Task prompt: Starting at the first line of the listing below, repeat each line exactly until the line containing "Banketu zāle, Chateau", which you include. Leave out pictures.

....

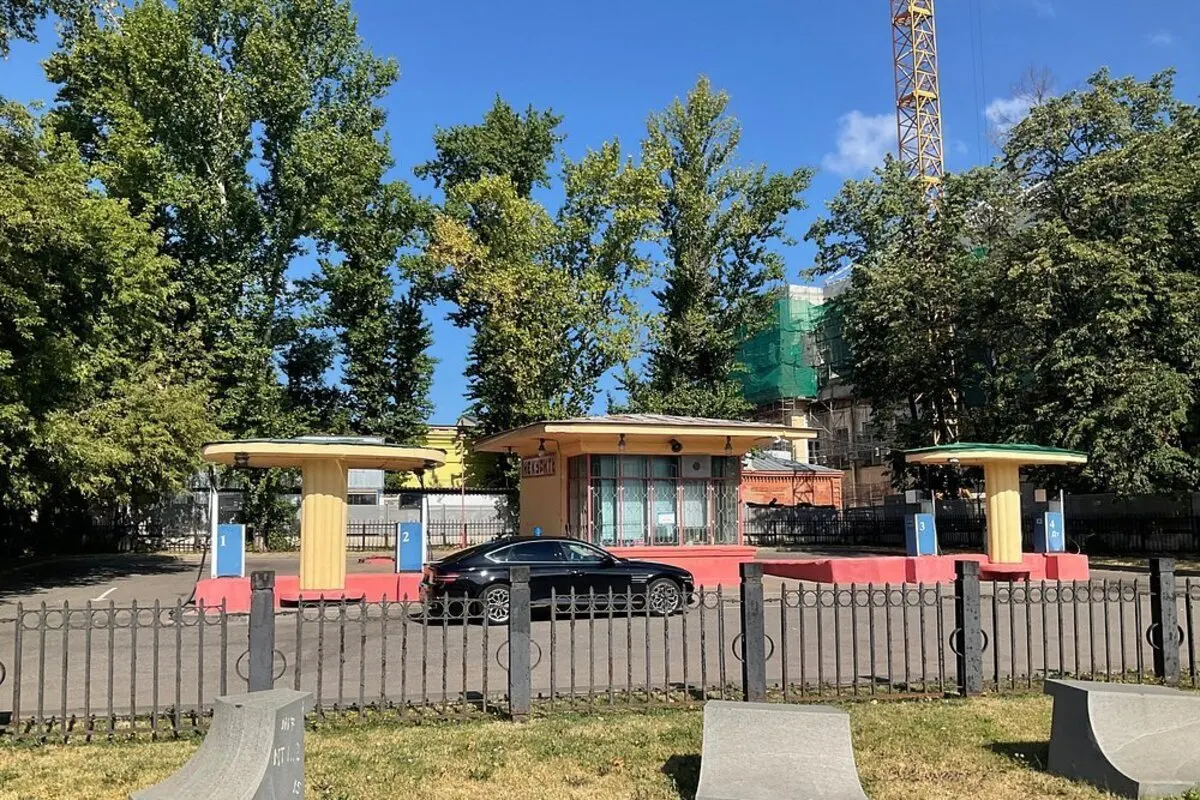 В проекте приказа ФСО указано, что в зоне около Кремлёвской АЗС на Волхонке площадью 6,4 тыс. м² могут запретить туризм, массовые мероприятия, запуск дронов и торговлю. Причины не поясняются.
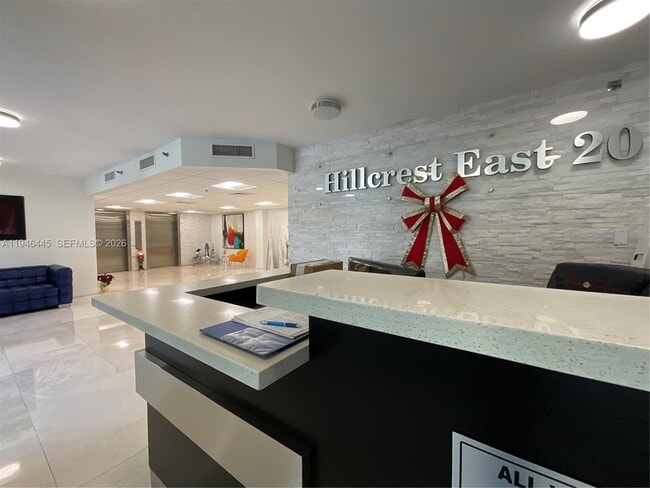 Foto del edificio - 919 Hillcrest Dr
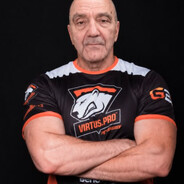 waldemar komuch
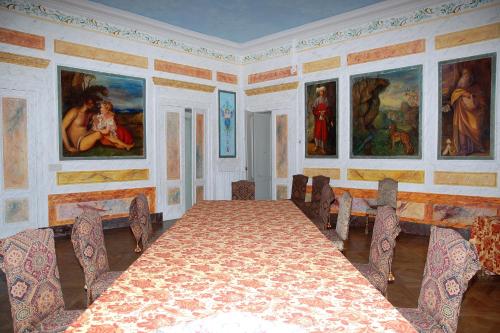 Banketu zāle, Chateau de Frasne in Fretigney-et-Velloreille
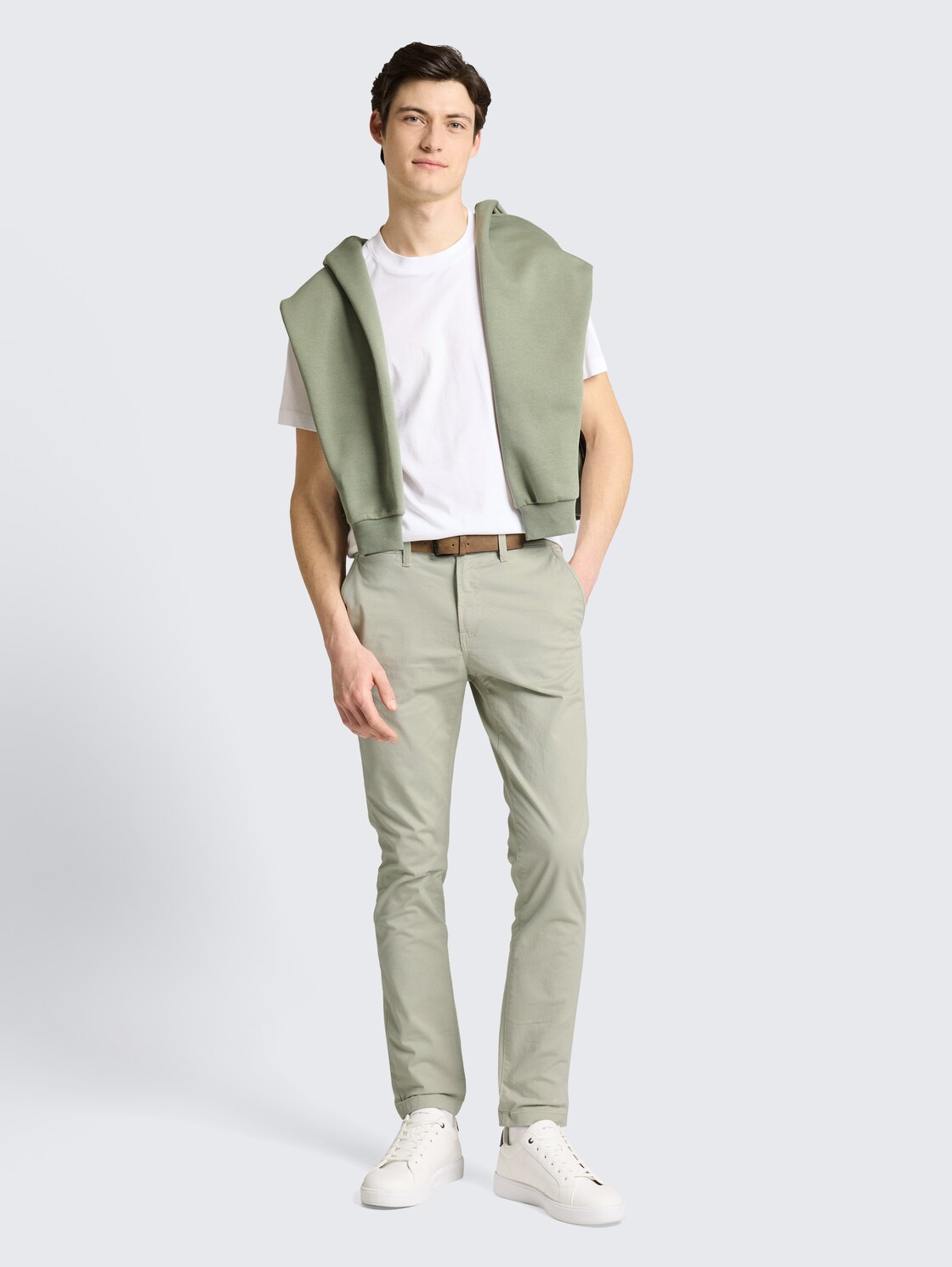 TTSLIM chinos with belt - elemental grey - Model front view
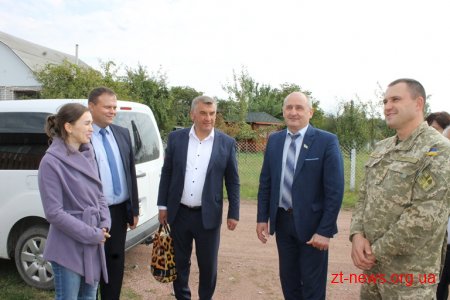 Володимир Ширма відвідав родину, яка стала учасником обласної програми «Власний дім»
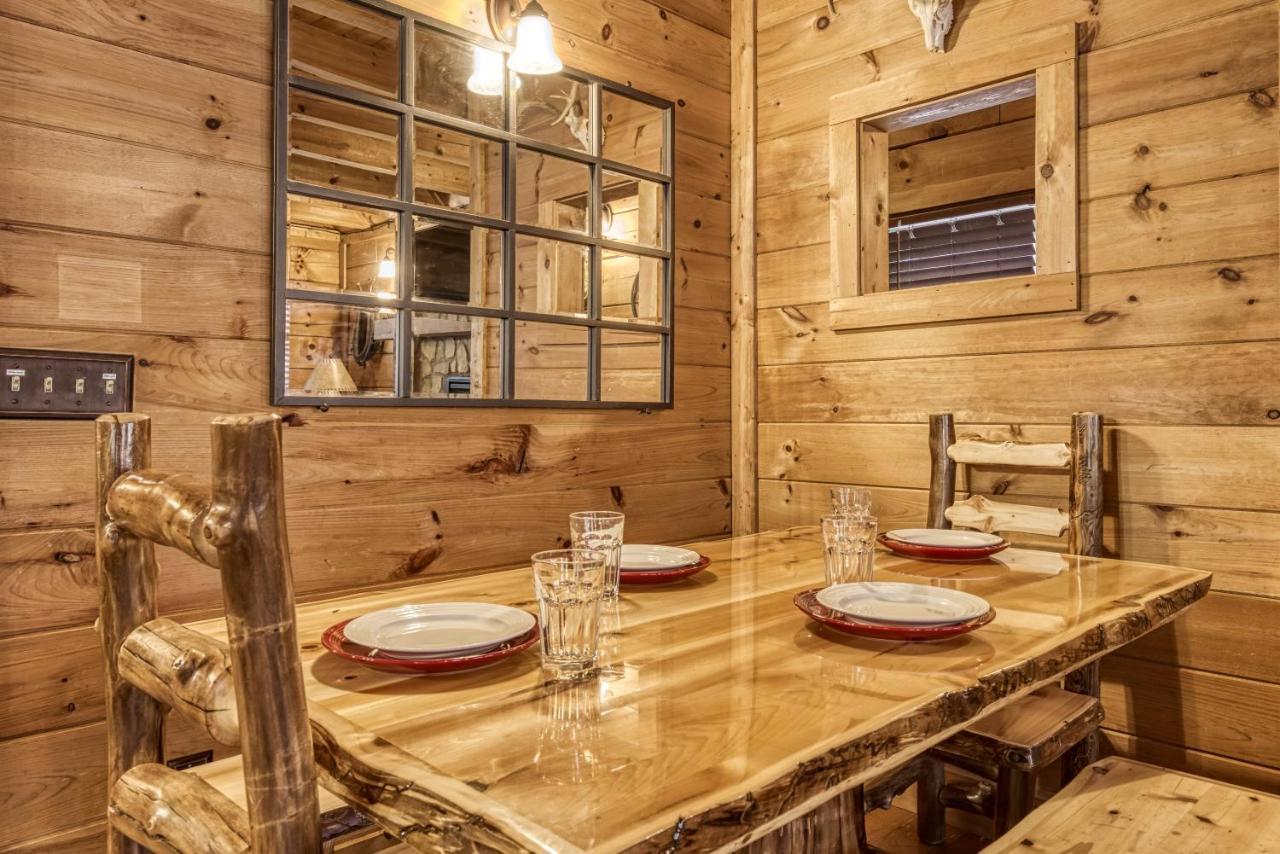 Bridgewood Cabin, Hot Tub, 1089 Of Free Attraction Tickets For Each Paid Day, Dollywood And More! Pigeon Forge Luaran gambar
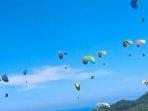 Atlet-Paralayang-saat-mengudara-di-Sky-Lancing-Lombok-Tengah.jpg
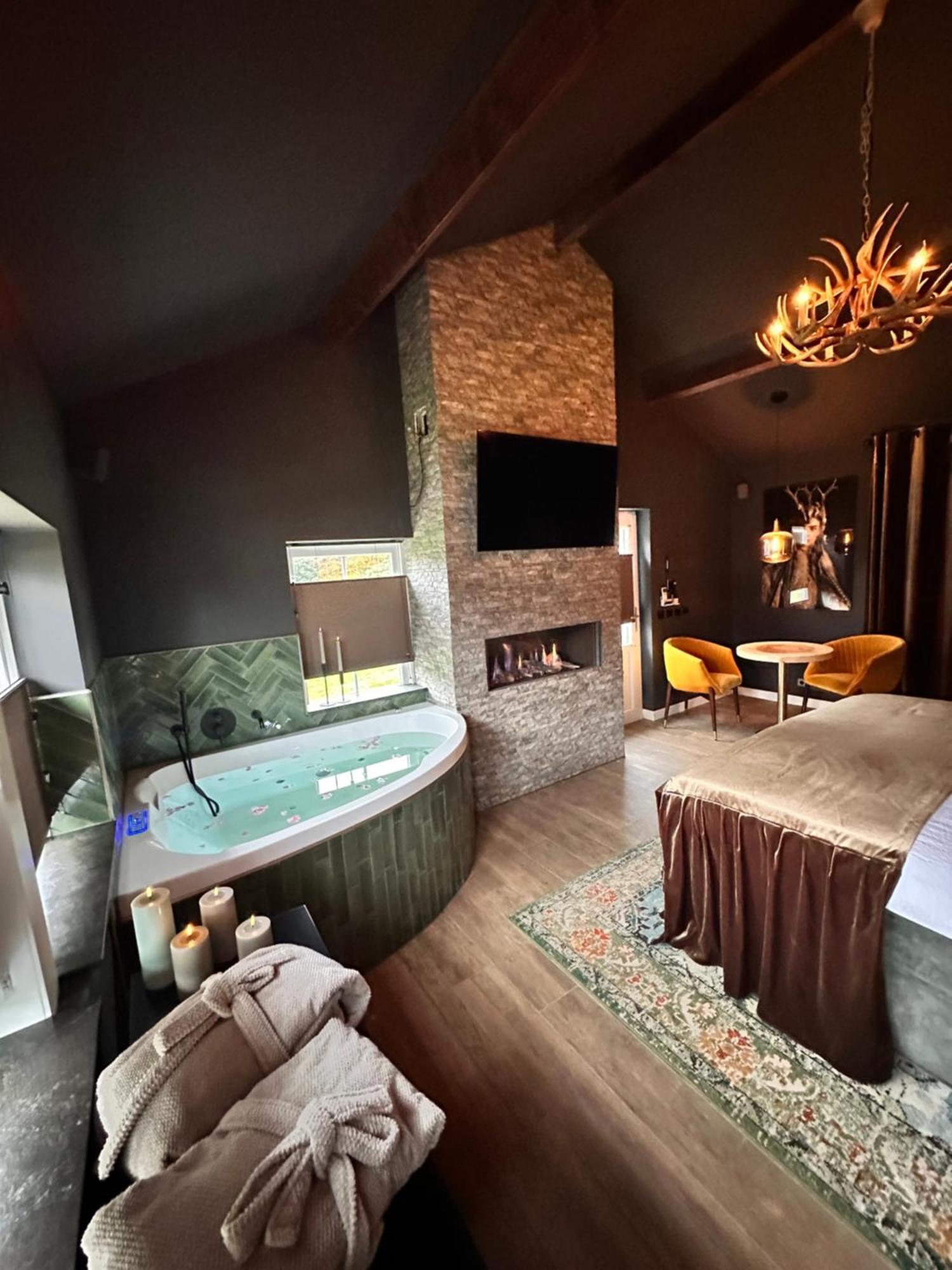 Wellness Tuin - Ultieme Partner Beleving - St Hubertus Suite Met Jacuzzi ,Openhaard, Prive Hottub En Prive Sauna In Jachthut Stijl Horst Exterior photo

....

Response for this exercise:
 В проекте приказа ФСО указано, что в зоне около Кремлёвской АЗС на Волхонке площадью 6,4 тыс. м² могут запретить туризм, массовые мероприятия, запуск дронов и торговлю. Причины не поясняются.
 Foto del edificio - 919 Hillcrest Dr
 waldemar komuch
 Banketu zāle, Chateau de Frasne in Fretigney-et-Velloreille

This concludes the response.